Admittedly a hash map could be faster but you can't do, efficiently, some order-related operations, like looking for the closest timestamp for a given time. Maybe this operations are not needed and so an ordered list is not needed.
Regarding the rest of wolf nodes, I agree. If they are only tested for existence then a std::set ought to be better.
I also propose to change the name of the current methods FrameBase::getCaptureList() to FrameBase::getCaptures() and the analogous for all wolf nodes. Then, in each case, we'll see if it is a set, a map or a list.
Well for me a map is just a dictionary, so the keys are not necessarily ordered. It looks like std::map orders the keys, so for me std::map = map + ordered list.
In any case, I don't have an opinion on what should be used for wolf. My point was that using a map implied not having the keys ordered and so maybe there was some lost functionality but it looks like I was wrong.
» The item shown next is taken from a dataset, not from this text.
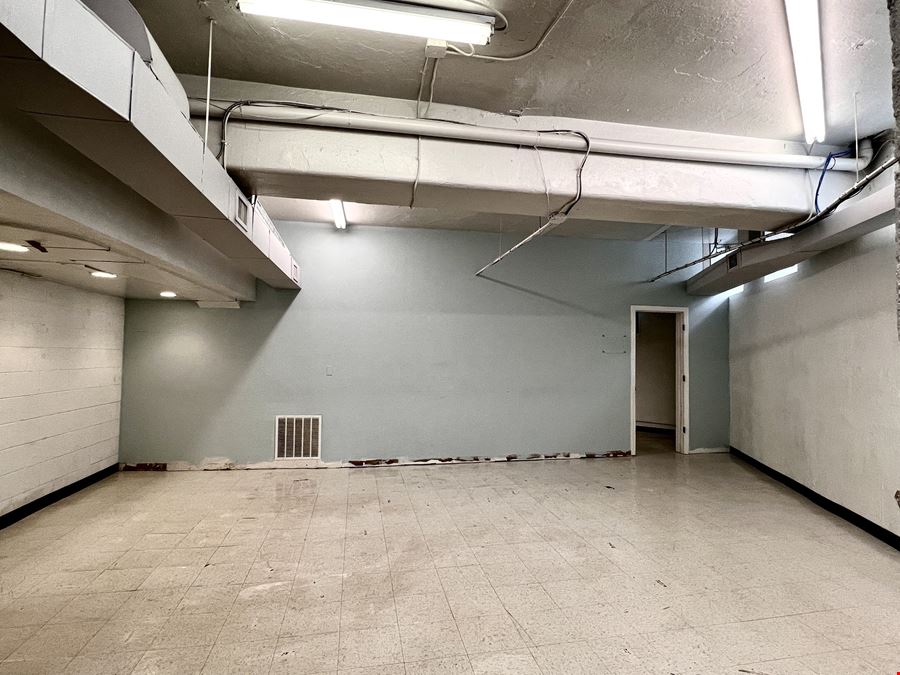 1,300 SF Office/Lab | North Oakland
Exploring a little with @jcasals we see that, a std::set can be used also to keep the Frames ordered by their TimeStamp just defining the FrameBase::operator() or defining it outside and providing it to the set template std::set<FrameBasePTr,FrameComp> with
I found in wolf an instance where a key-frame and a non key-frame have the same timestamp. When ProcessorMotion sets its origin, it creates a key-frame and also a non-estimated frame with the same timestamp.
There were just a couple more examples of this behaviour, that appeared when making the trajectory a map instead of a list. There are different ways to solve this issues, but what I am interested in is in knowing if this behaviour is intended or not in order to adapt the design of the new trajectory data structure accordingly.
The question, thus, is:
Should a key-frame and a non key-frame be allowed to share the same exact timestamp?
Focusing on the ProcessorMotion::setOrigin example, a solution proposed by @joanvallve was to perturb slightly the timestamp of the non-estimated frame. Another solution could be to define a richer key for the map. For instance a pair <TimeStamp, Bool> where the bool indicates if it is a key-frame or not. Obviously this would require a bit more care when updating the trajectory. Thoughts? @joanvallve@jsola
As we have it now, yes, usually at the time of creating a KF, another F is created at the same timestamp. When more data is received, this F will advance its time stamp. But for the instant it is created and until new data arrives, both timestamps coincide.
It is therefore possible, having more processors acting like this, that more than one F share the same timestamp with one KF.
One option is to use multimap instead of map. If this solves the issue, then it's easy.
Another option is to have the processors own the F's, and only add them to Problem->Trajectory when they are KF. This demands some re-design. It is possibly cleaner to work like this...
I don't know if multimap is overkilling. I assume that it would be enough since we only want a container that orders the frames by time (key).
Only KF in trajectory:
I like this alternative because in Trajectory there is no need to have the non-key frames (they are auxiliar for any processor). Actually, they disturb requiring some extra API (getLastFrame(), getLastKeyFrame()...) and handling.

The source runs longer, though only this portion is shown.